Update the best textbooks on every subject list

post by ryan_b · 2018-11-08T20:54:35.300Z · score: 78 (28 votes) · LW · GW · 13 comments

I occasionally refer back to lukeprog's Best Textbooks on Every Subject [LW · GW] post. I thought it might be a good idea to direct people back to it in the hopes of updating the list, for the following reasons:

At ChristianKI's suggestion:

Here are the rules:
1. Post the title of your favorite textbook on a given subject.
2. You must have read at least two other textbooks on that same subject.
3. You must briefly name the other books you've read on the subject and explain why you think your chosen textbook is superior to them.

13 comments

Comments sorted by top scores.

comment by habryka (habryka4) · 2018-11-08T18:15:10.259Z · score: 27 (13 votes) · LW · GW

Yep, I am in favor of this. I think it might even make sense for us to pin that thread to the top for a week or so, so that people see it again, and are encouraged to update it.

comment by Raemon · 2018-11-08T21:51:27.066Z · score: 10 (3 votes) · LW · GW

Note: I just pinned that thread to the top of Frontpage

comment by Dr_Manhattan · 2018-11-08T21:24:08.844Z · score: 12 (3 votes) · LW · GW

Ben Lambert's "A student's guide to Bayesian Statistics" as the best intro to *applied* Bayesian stats.

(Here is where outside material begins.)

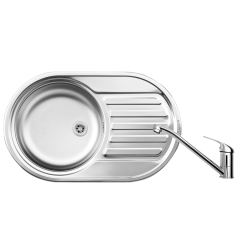 Zlewozmywak SR MINI flat - 60 mm + bateria ASALIA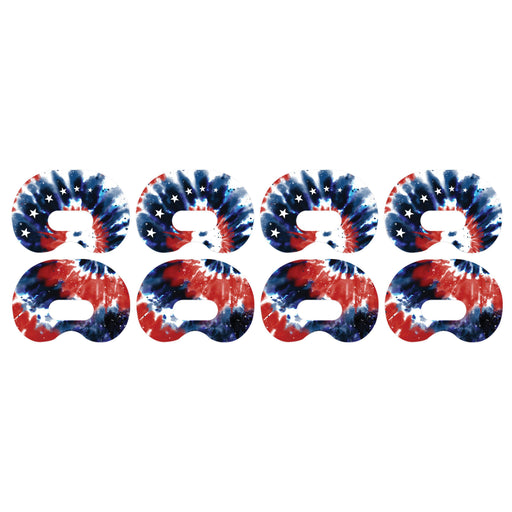 Peelz Patriotic Tie Dye Medtronic Guardian Connect Patch Tape - Pump Peelz Patch Medical Tape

The book starts with very little prerequisites, explains the math well while keeping it to a minimum necessary for intuition, (+has good illustrations) and goes all the way to building models in Stan. (Other good books are McEarlath Statistical Rethinking, Kruschke's Doing Bayesian Data Analysis and Gelman's more math-heavy Bayesian Data Analysis). I recommend Lambert for being the most holistic coverage.

PS. He has a playlist of complementary videos to go along with the book

ETA: I have read McEarlath Statistical Rethinking and Kruschke's Doing Bayesian Data Analysis, skimmed Gelman's Bayesian Data Analysis. Recommend Lambert if you only read 1 book or as your first book in the area.

comment by habryka (habryka4) · 2018-11-08T22:16:23.066Z · score: 11 (6 votes) · LW · GW

I think it's actually still better to post the comments in the original thread, just to have everything be in one place, and now that it's pinned for a week, the new comments will get seen (and generally get more visibility than here).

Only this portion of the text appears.